EXERCISE GOAL: The answer must be an exact copy of the lines from the one with "Nestle Water" through the final line below, with no pictures and nothing else.
[INPUT DATA — start]
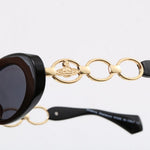 Classic Sunglasses - 109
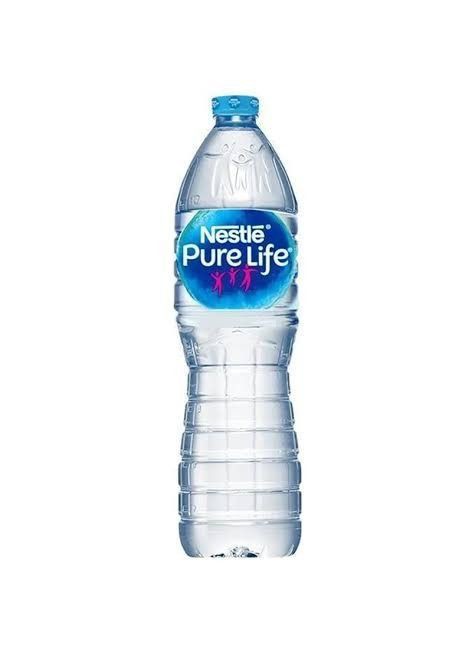 Nestle Water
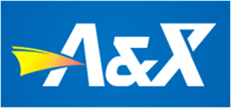  AX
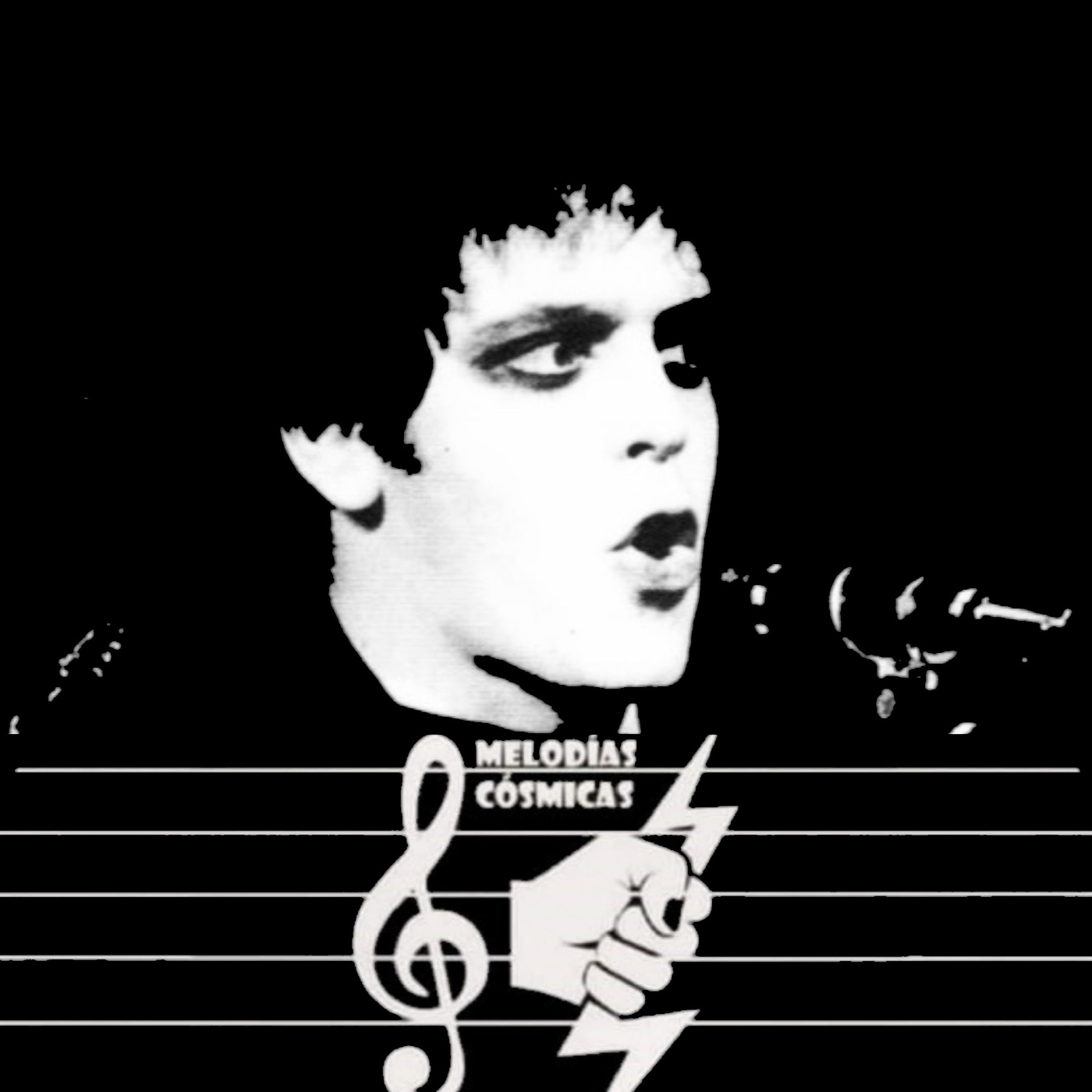 Lou Reed y Transformer. 50 años por el lado salvaje de la vida - #119 episode artwork
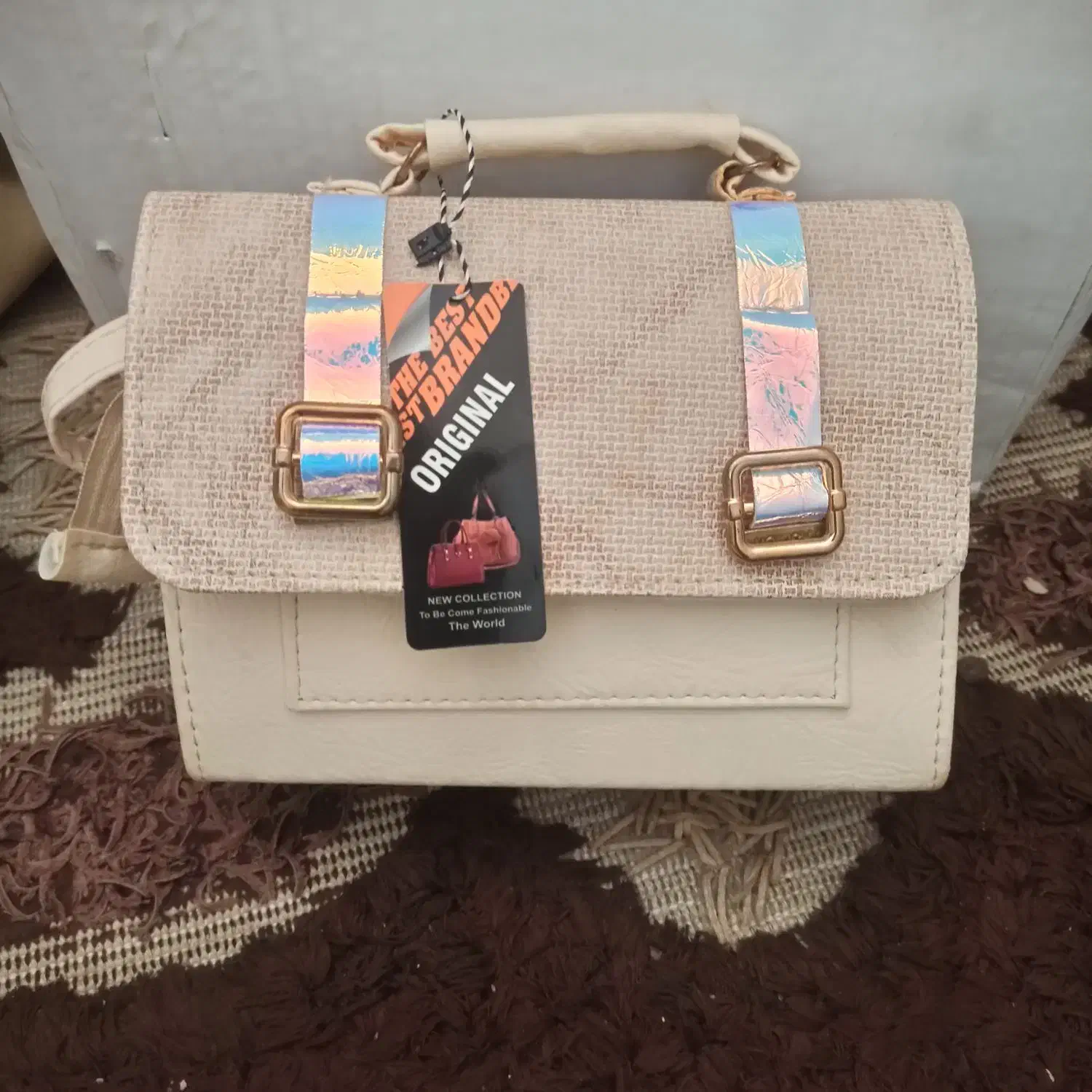 کیف و کفش|کیف، کفش، کمربند|ملایر, |دیوار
[INPUT DATA — finish]
ANSWER SPACE:
 Nestle Water
  AX
 Lou Reed y Transformer. 50 años por el lado salvaje de la vida - #119 episode artwork
 کیف و کفش|کیف، کفش، کمربند|ملایر, |دیوار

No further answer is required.